Tuesday, July 10, 2012

Ancient Map Of “America” Found In Germany

Lee Rannals for redOrbit.com – Your Universe Online

In time for Fourth of July festivities, Librarians at a German university announced on

Tuesday that they have found a 500-year-old version of a world map that was the first to

have mentioned “America.”

The librarians were unaware of the map’s presence until they found it stashed away inside

an unrelated 16th century Geometry book.

The map doesn’t quite pre-date the 1507 map that Germany officially handed over to the

U.S. back in 2007, which now lies in the Library of Congress in Washington.

The newly discovered map is believed to have been drawn up by German cartographer Martin

Waldseemueller, who died back in 1522, according to the Ludwig Maximilian University of

Munich said.

The new map shows the world divided into twelve segments, which taper to a point at each

end and are printed on a single sheet.
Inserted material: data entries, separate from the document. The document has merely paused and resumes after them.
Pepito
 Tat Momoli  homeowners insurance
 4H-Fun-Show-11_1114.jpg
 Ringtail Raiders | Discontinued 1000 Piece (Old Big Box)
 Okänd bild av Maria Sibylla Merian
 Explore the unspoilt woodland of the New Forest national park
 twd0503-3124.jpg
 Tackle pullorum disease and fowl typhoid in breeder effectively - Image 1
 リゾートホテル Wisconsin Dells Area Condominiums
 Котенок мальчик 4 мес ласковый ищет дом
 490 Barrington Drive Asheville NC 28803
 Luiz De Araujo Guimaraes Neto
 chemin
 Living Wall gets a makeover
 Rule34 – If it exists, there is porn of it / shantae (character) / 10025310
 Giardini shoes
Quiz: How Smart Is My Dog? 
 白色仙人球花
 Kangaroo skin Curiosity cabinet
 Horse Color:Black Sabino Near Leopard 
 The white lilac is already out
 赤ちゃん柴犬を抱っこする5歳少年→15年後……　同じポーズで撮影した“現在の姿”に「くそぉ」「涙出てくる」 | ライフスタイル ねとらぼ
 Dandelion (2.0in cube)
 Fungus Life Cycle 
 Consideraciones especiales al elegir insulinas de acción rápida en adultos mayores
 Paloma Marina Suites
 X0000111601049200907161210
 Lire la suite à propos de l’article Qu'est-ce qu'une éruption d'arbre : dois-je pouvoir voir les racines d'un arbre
When the map is folded out, it can form a small

globe, with three rightmost segments depicting a boomerang-shaped territory named America.

The university said in a written statement that only four copies of the segmental maps were

previously known about.  One of the four was sold at an auction for one million dollars

back in 2005.

According to the university, the fifth map was found by a bibliographer, who was revising

the catalogue “in an otherwise unremarkable volume that had been rebound in the 19th

century.”

“Even in our digital age the originals have lost none of their significance and unique

fascination,” Klaus-Rainer Brintzinger, the head of the library, said in the statement. “

We intend to make the map accessible to the public in digital form in time for the Fourth

of July, Independence Day in the USA.”

Waldseemueller helped create the name “America” in honor of explorer Amerigo Vespucci,

who he mistakenly believed discovered the New World.

Sven Kuttner, head of the library’s old books department, said the map was a “sleeping

beauty” in the university’s collection until its recent unearthing.